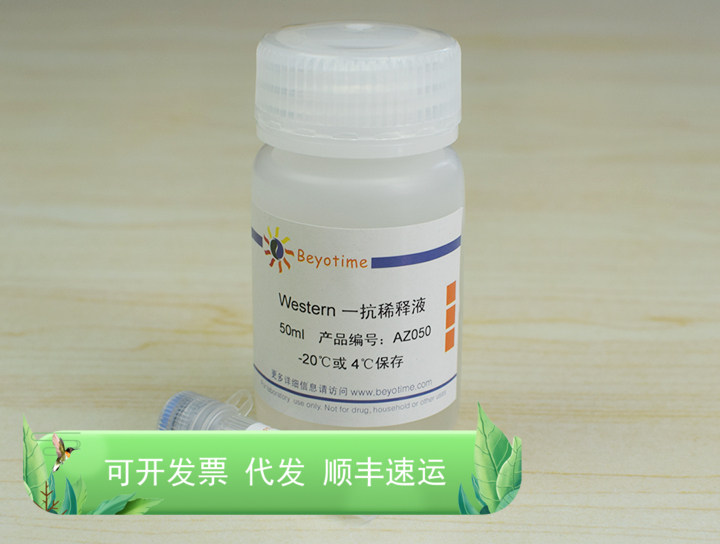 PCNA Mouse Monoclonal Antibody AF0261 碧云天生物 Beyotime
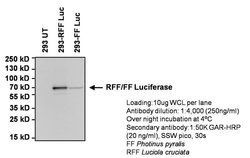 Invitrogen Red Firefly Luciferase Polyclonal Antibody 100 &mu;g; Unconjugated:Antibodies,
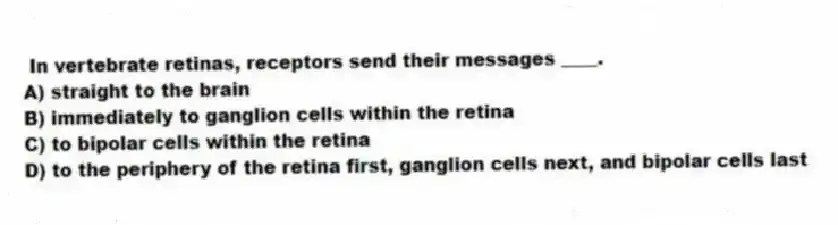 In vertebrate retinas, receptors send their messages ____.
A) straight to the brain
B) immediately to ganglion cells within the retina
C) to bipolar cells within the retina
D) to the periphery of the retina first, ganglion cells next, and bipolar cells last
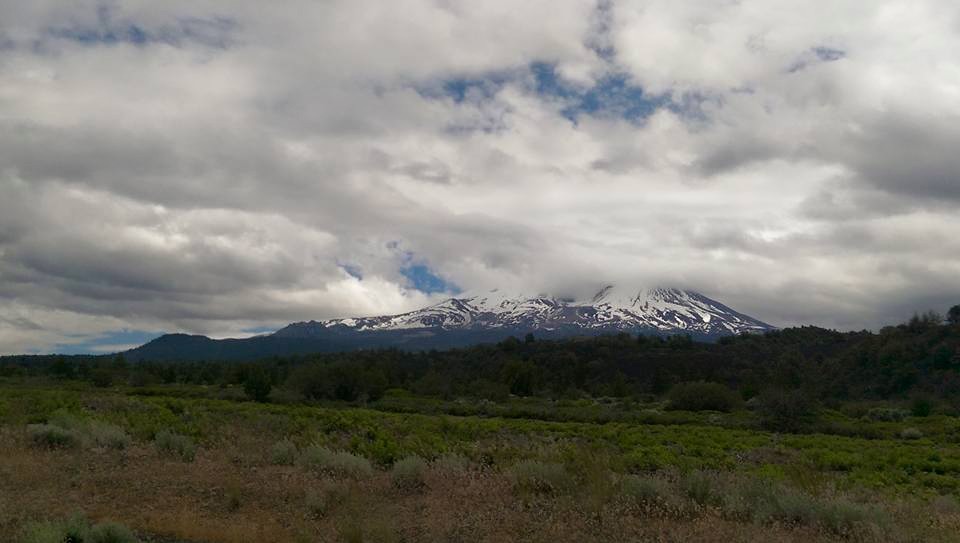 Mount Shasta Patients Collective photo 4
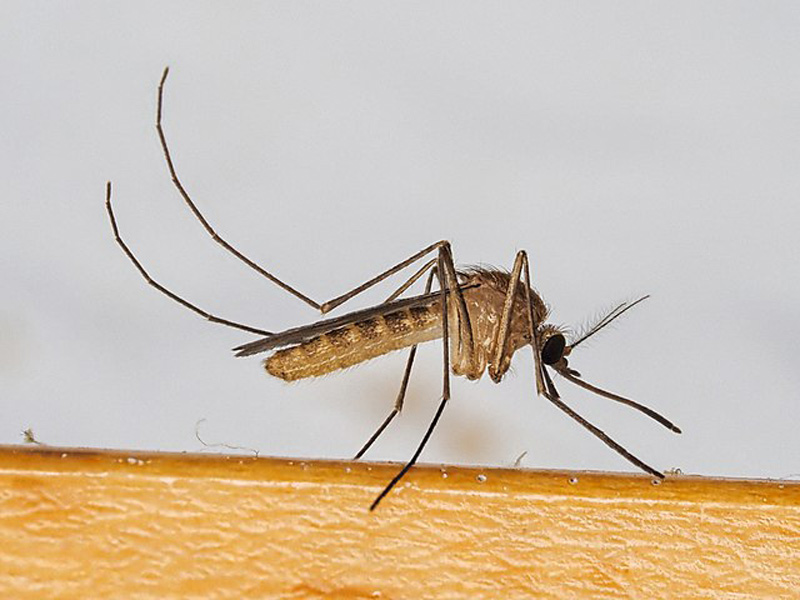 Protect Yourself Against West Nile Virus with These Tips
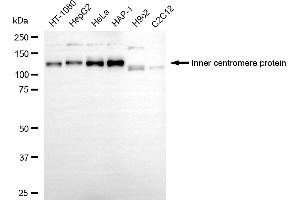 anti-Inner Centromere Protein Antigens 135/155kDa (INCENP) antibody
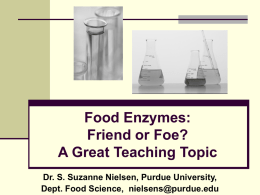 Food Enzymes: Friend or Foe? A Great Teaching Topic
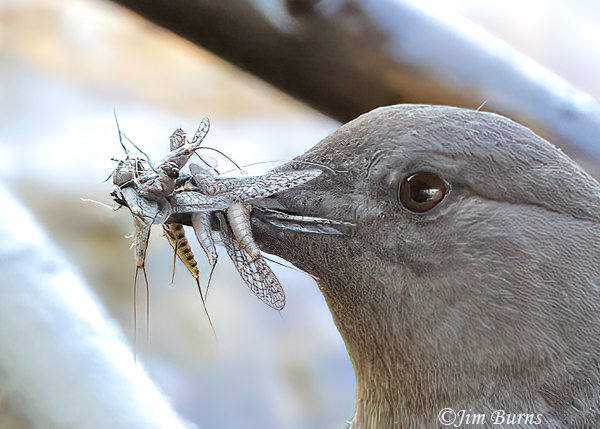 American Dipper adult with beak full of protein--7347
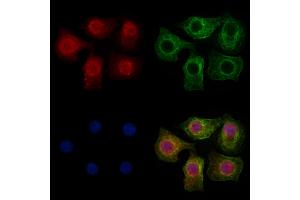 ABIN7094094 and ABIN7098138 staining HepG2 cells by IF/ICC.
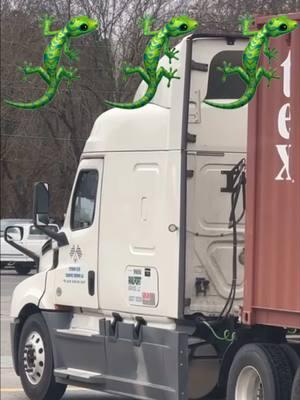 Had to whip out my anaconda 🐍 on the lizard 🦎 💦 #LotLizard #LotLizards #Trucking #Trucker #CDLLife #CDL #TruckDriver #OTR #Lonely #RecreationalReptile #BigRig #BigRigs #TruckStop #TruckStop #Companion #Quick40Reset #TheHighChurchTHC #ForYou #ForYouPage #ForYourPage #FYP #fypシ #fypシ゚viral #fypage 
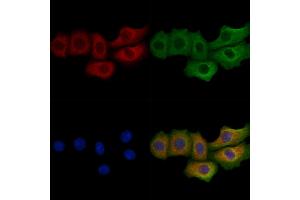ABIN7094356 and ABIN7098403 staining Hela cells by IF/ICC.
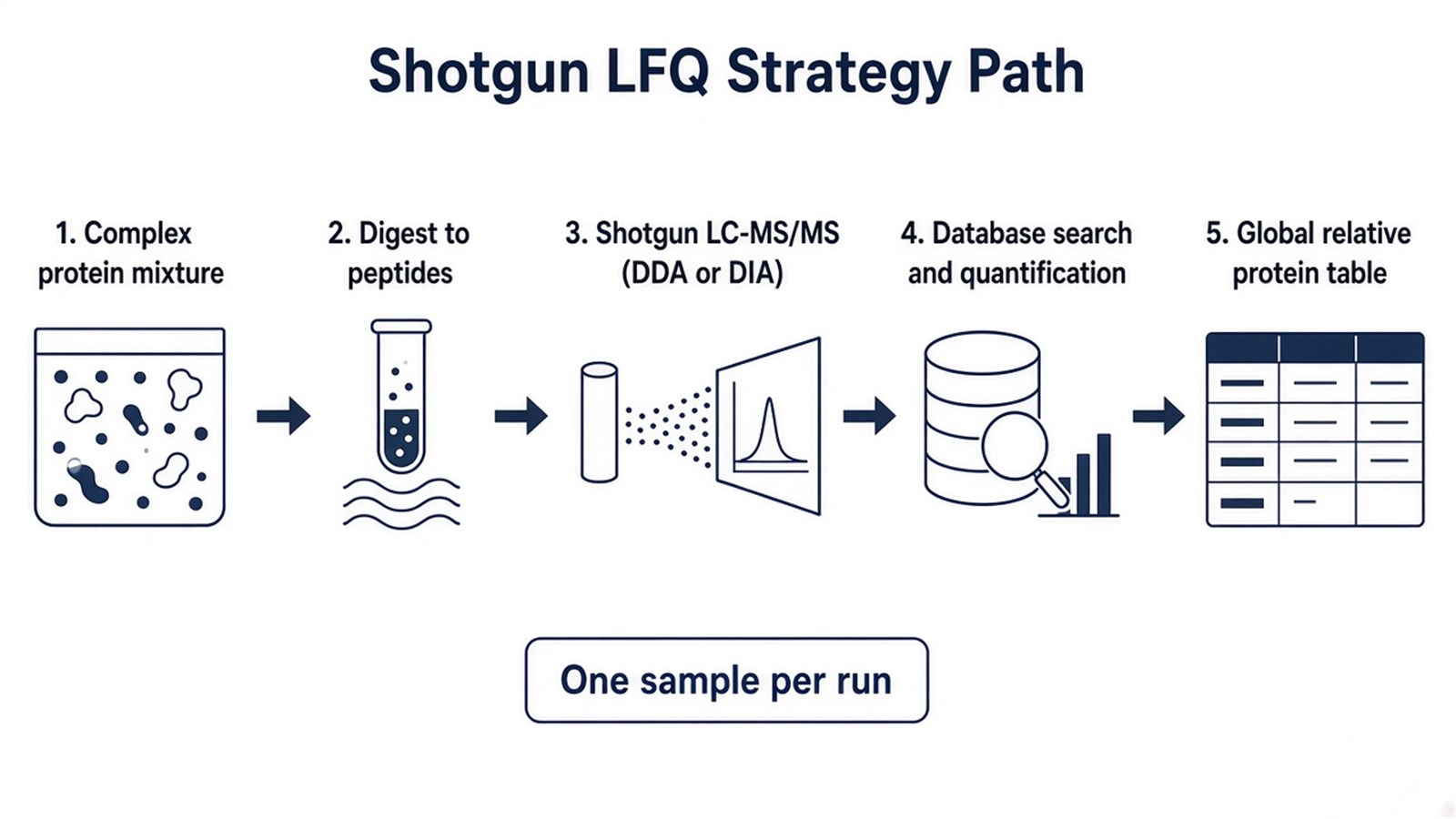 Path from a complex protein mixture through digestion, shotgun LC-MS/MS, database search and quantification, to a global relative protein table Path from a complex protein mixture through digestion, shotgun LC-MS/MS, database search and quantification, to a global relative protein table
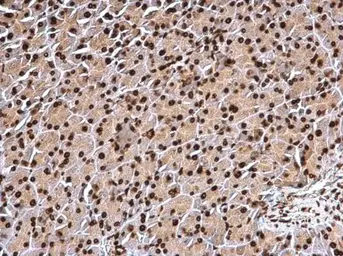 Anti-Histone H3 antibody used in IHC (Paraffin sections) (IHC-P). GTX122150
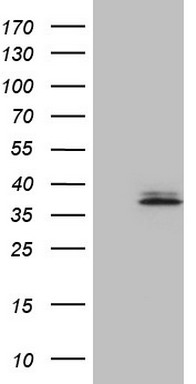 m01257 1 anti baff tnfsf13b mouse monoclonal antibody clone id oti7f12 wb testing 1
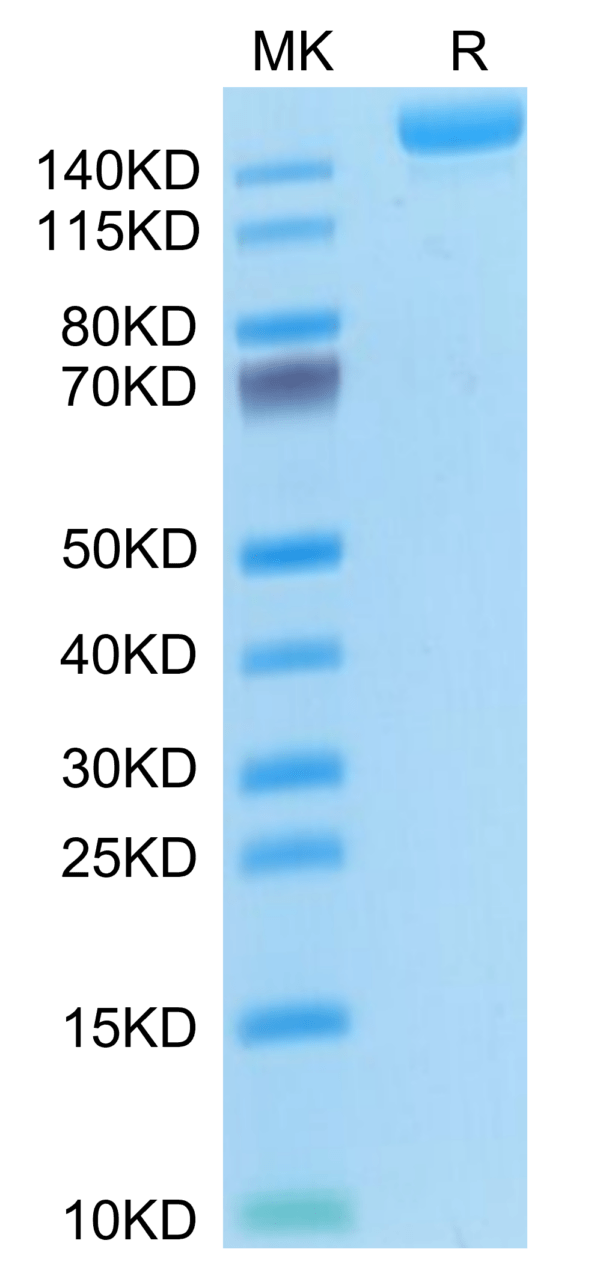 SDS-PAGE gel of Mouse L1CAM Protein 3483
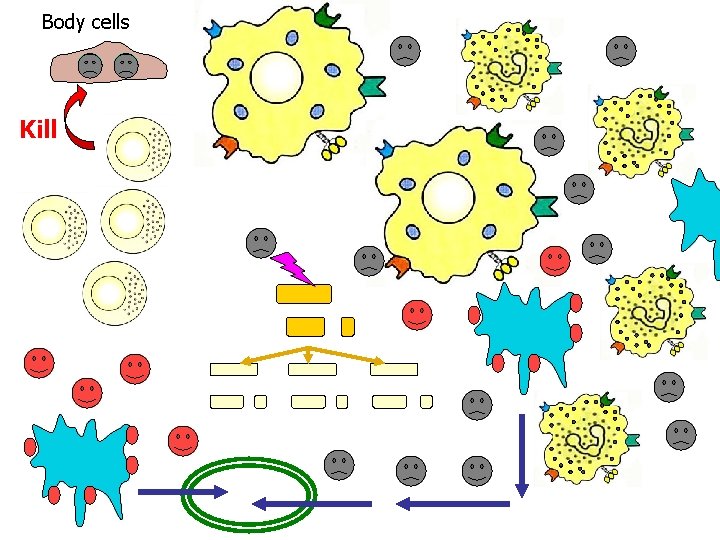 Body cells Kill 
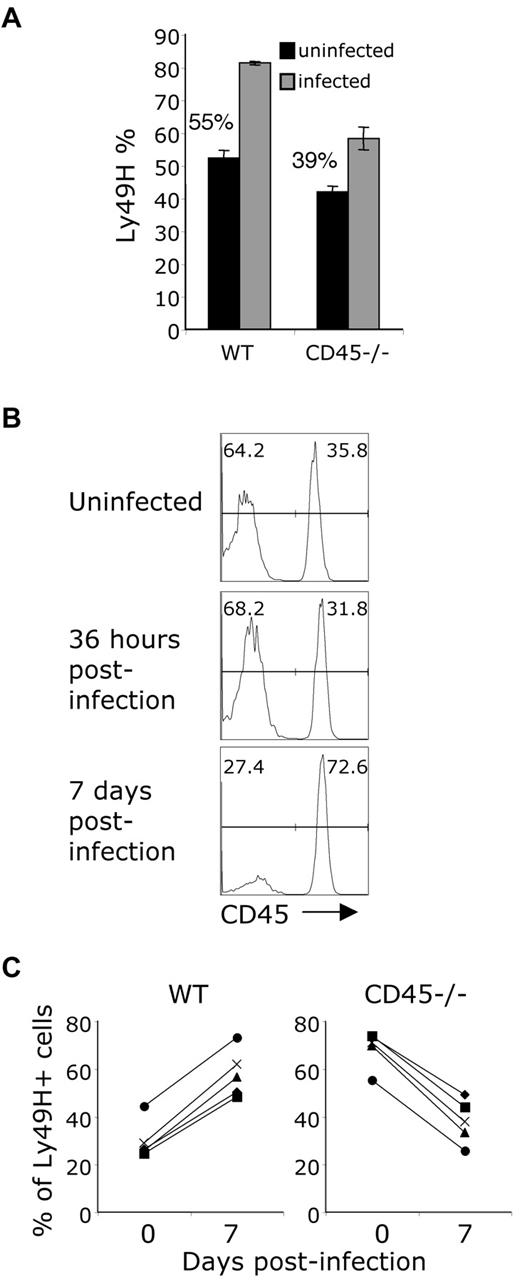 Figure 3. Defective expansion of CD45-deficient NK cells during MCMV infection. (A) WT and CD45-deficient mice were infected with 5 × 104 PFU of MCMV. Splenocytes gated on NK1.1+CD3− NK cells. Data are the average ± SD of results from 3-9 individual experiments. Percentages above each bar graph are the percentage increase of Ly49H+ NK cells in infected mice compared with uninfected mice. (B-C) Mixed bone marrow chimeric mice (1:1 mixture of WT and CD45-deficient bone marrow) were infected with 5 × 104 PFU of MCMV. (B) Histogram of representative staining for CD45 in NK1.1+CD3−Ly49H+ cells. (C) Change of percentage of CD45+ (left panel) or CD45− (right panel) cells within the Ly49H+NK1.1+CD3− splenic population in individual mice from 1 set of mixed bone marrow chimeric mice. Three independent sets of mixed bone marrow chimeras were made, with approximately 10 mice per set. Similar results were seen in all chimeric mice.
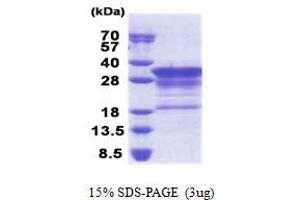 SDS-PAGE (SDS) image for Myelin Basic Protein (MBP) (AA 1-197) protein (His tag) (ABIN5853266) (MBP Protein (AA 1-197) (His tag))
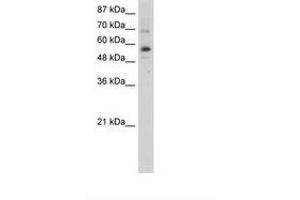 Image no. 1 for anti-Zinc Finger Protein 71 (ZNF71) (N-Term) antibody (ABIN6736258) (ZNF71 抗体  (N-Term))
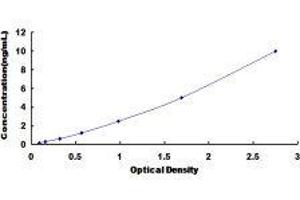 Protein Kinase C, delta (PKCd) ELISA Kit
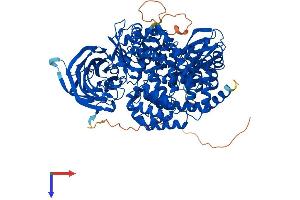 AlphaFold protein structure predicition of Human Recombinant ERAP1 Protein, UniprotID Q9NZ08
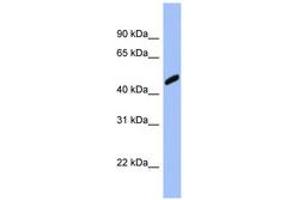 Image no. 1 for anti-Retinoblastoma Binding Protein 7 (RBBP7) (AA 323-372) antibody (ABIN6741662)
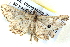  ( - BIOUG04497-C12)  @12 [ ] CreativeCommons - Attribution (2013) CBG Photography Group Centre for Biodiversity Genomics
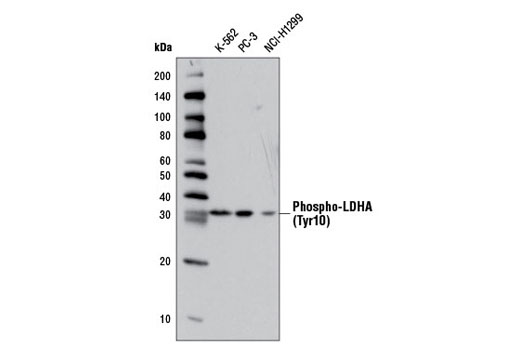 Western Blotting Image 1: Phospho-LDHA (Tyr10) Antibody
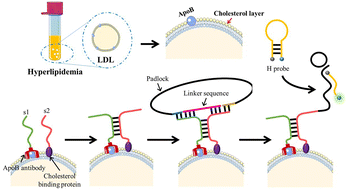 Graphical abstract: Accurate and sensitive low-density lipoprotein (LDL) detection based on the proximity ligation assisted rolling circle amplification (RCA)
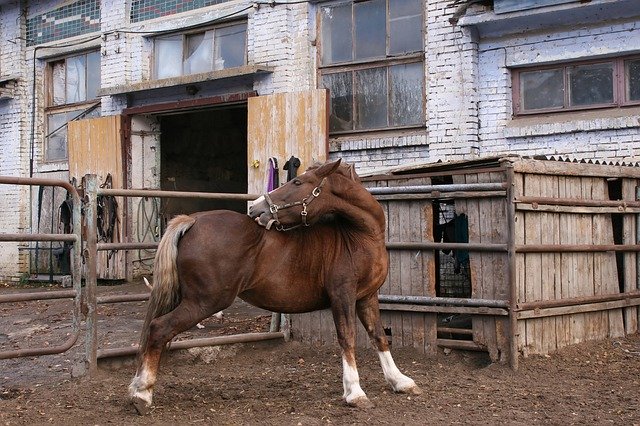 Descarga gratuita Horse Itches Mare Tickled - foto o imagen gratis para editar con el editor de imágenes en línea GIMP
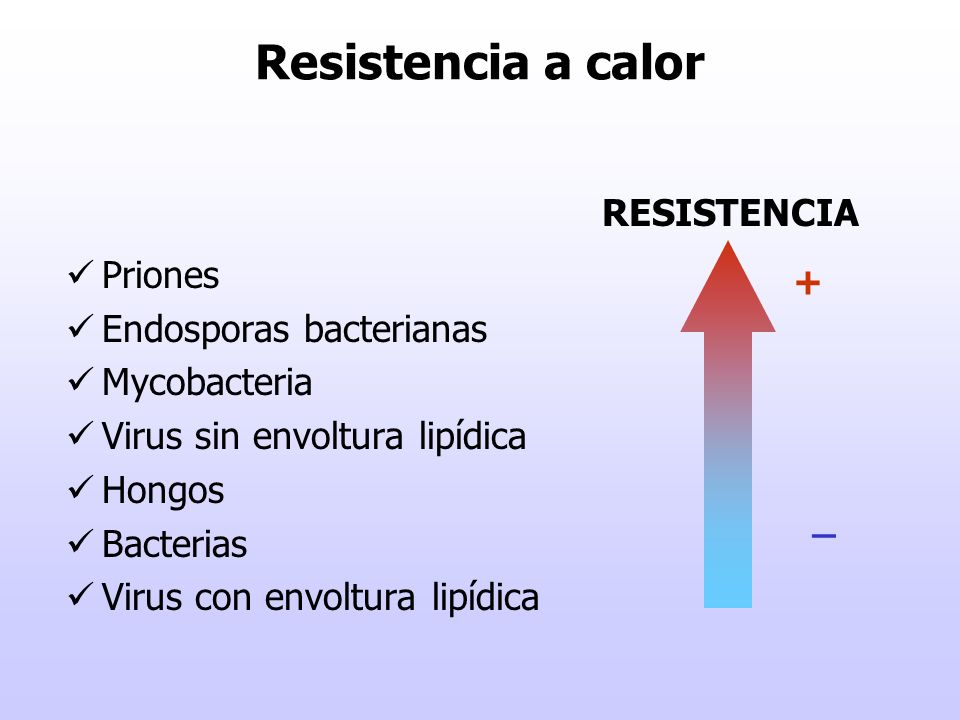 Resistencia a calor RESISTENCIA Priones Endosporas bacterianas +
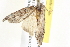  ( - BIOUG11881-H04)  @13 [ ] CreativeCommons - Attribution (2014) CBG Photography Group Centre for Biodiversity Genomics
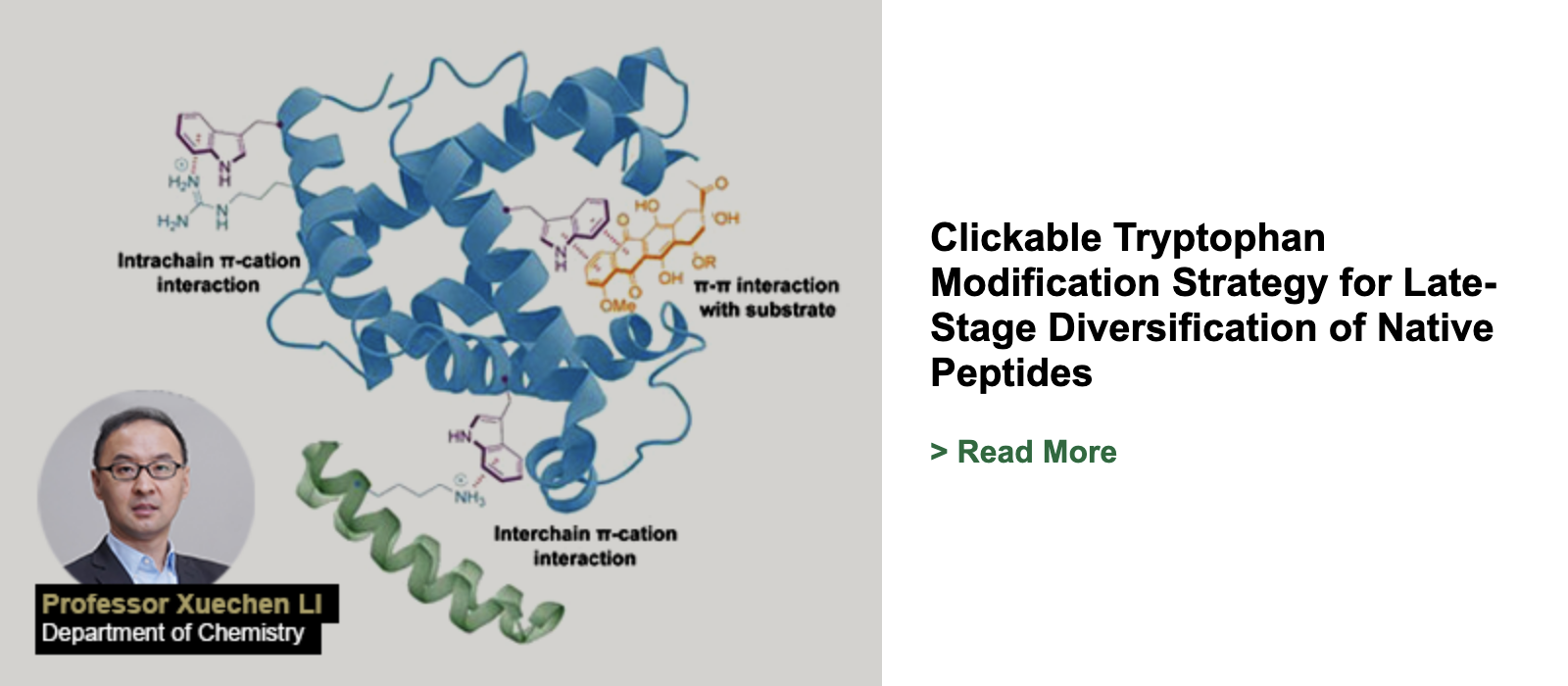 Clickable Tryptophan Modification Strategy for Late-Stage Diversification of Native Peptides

- - - - -

**What needs to be done**
Here the job is to copy the listing above word for word, starting at the line with "Mount Shasta Patients Collective photo 4" and ending at the line with "ABIN7094094 and ABIN7098138", and to leave out the pictures.

**Answer for the task**
 Mount Shasta Patients Collective photo 4
 Protect Yourself Against West Nile Virus with These Tips
 anti-Inner Centromere Protein Antigens 135/155kDa (INCENP) antibody
 Food Enzymes: Friend or Foe? A Great Teaching Topic
 American Dipper adult with beak full of protein--7347
 ABIN7094094 and ABIN7098138 staining HepG2 cells by IF/ICC.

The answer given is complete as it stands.